(Data segment)

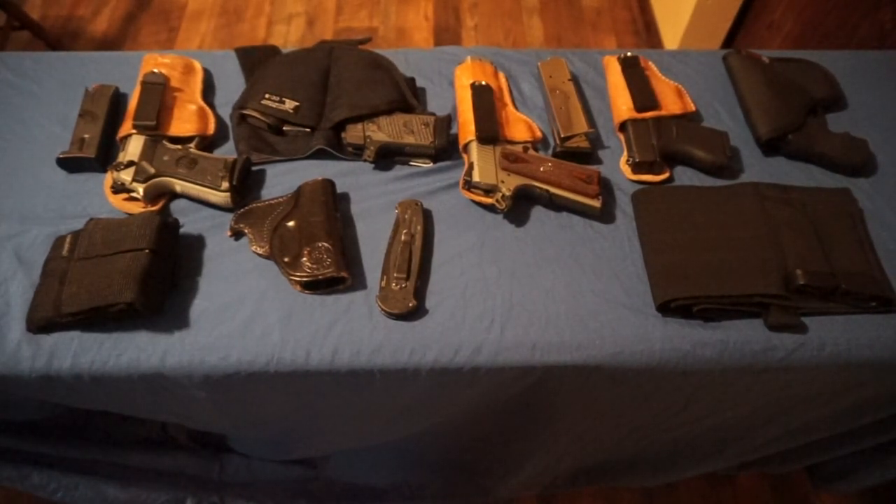Hi and welcome to the Milsert Mike channel. I'm going to make a video showing my concealed carry guns and just go over when I carry these different guns and what the situation is for each.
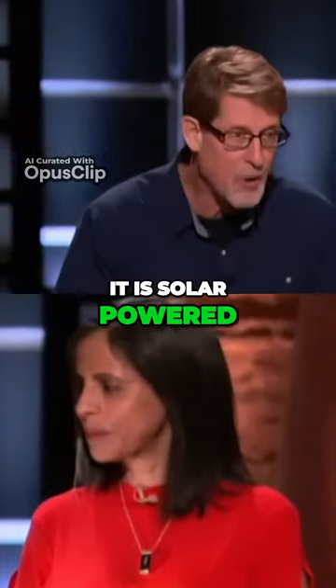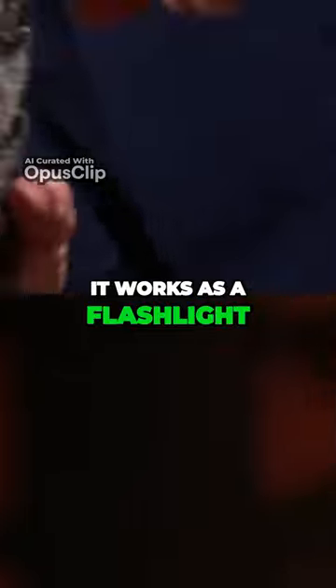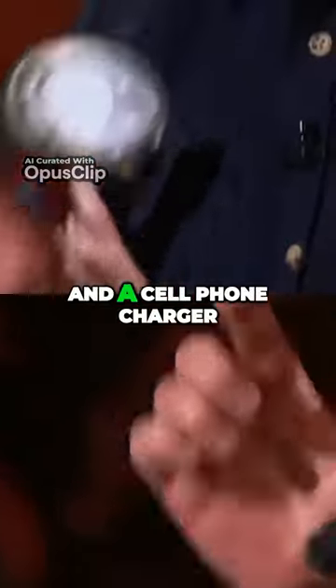It is solar powered, rechargeable, and it has three functions. It works as a flashlight, a lantern, and a cell phone charger.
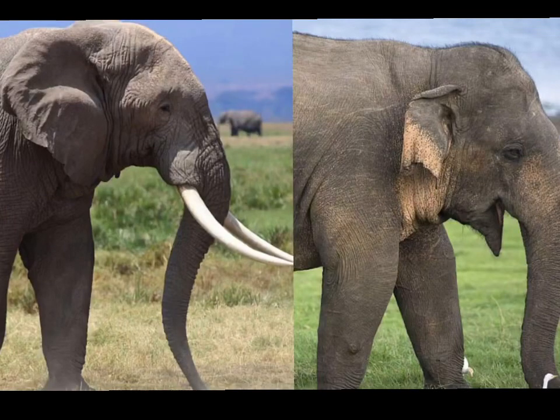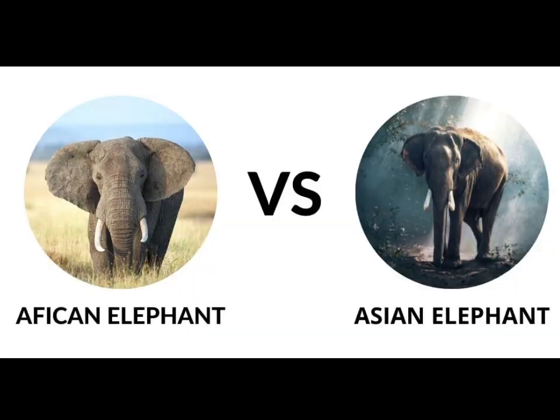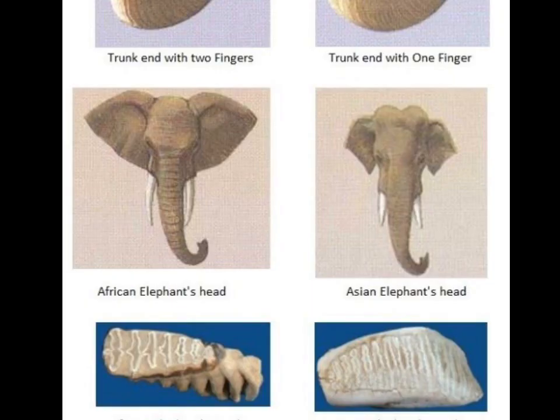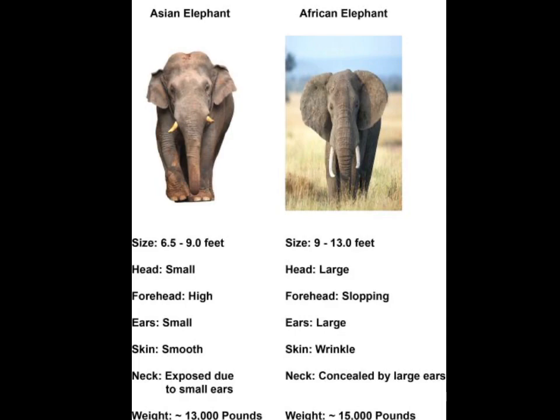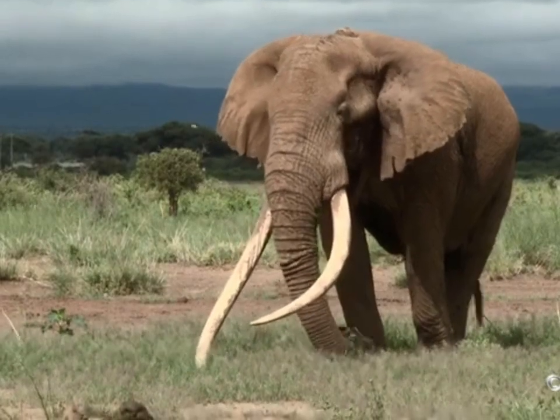A distinctive feature of both Asian and African elephants is the large pair of ears. African elephants have very large ears that are semicircular in shape. In the wild, among African elephants, wild elephants have larger ears. Asian elephants have smaller ears compared to others, which are triangular in shape.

(What this task involves) Exactly as written, restate the listing above with its pictures omitted.

(Response below)
Hi and welcome to the Milsert Mike channel. I'm going to make a video showing my concealed carry guns and just go over when I carry these different guns and what the situation is for each.
It is solar powered, rechargeable, and it has three functions. It works as a flashlight, a lantern, and a cell phone charger.
A distinctive feature of both Asian and African elephants is the large pair of ears. African elephants have very large ears that are semicircular in shape. In the wild, among African elephants, wild elephants have larger ears. Asian elephants have smaller ears compared to others, which are triangular in shape.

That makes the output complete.